Wir können an den Fragen, die uns gestellt werden feststellen: Die sind alle im Bild, die wissen alle Bescheid. Aber: Sie sind unsicher hinsichtlich verschiedener Probleme. Und zwar verunsichert durch Veröffentlichungen von Leuten, die mehr Unheil stiften als sie gutmachen.

- Sie sind selbst Jurist: Halten Sie denn das Gesetz in der vorliegenden Form für geglückt oder sind die nunmehr auftauchenden Definitions- und Auslegungs-Schwierigkeiten nicht doch als Folge dehnbarer, ungenauer Formulierungen zu sehen?

Man muß den Schöpfern des Gesetzes Gerechtigkeit widerfahren lassen: Hier ist absolutes Neuland betreten worden. Es gab überhaupt kein Vorbild auf der ganzen Welt, das als Beispiel hätte dienen. können. Und sicherlich sind furchtbar viele Strömungen von allen Seiten gekommen, nachdem der Referentenentwurf vorlag, so daß das Gesetz ein wahres Kompromiß-Gebilde geworden ist. Und nun sind von der einen Seite die EDV-Spezialisten und von der anderen Seite die Juristen am Werk.

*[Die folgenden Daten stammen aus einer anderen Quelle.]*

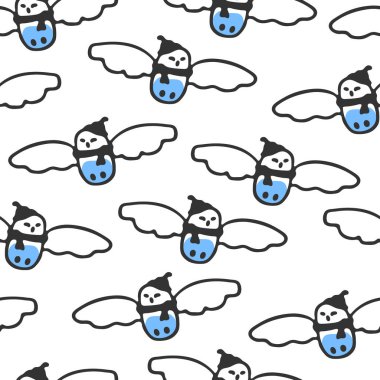 Sevimli çizgi kar baykuşu ile Seamless Modeli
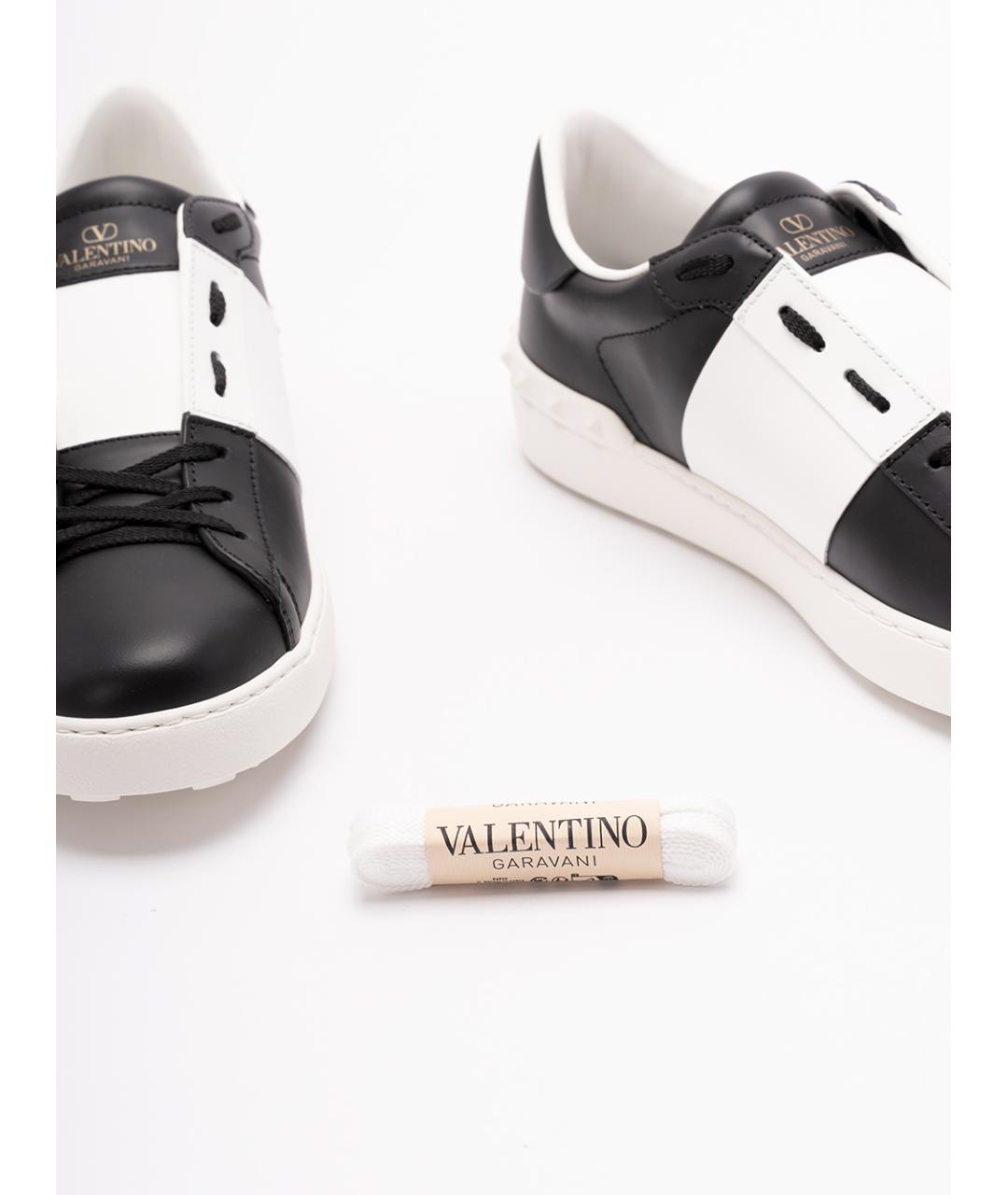 VALENTINO Черные кожаные низкие кроссовки / кеды, фото 5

Die sprechen ja weiß Gott keine gemeinsame Sprache. Was ist passiert: Hat's der eine endlich verstanden, hat's der andere mißverstanden. Jetzt haben wir das Gesetz und jetzt müßten in der Übergangszeit die EDV-Leute erstmals den Juristen zuhören.

- Das gibt aber noch keine Garantie dafür, daß der EDV-Mann von der Front den Vortrag des Rechtsgelehrten als brauchbar einstuft. Da die Sprach- und Verständigungsschwierigkeiten offensichtlich sind, wird er den Vortrag eher als Fachchinesisch ablehnen.

Das sehen wir auch. Wir wollen deshalb in einer zweitägigen Klausurtagung gerade diese Probleme lösen und zum Abschluß bringen. In einem Schulungsheim, völlig unbeeinflußt von draußen, sollen sich Juristen und EDV-Spezialisten zusammensetzen und diese Frage der unterschiedlichen Auslegung, der oft konträren Sinngehalte, in eine gemeinsame verständliche Sprache fassen. Das Ergebnis dieser Klausurtagung soll dann veröffentlicht werden. Jedenfalls glauben wir, daß das, was nach der Klausur herauskommt, keinen falschen Akzent trägt.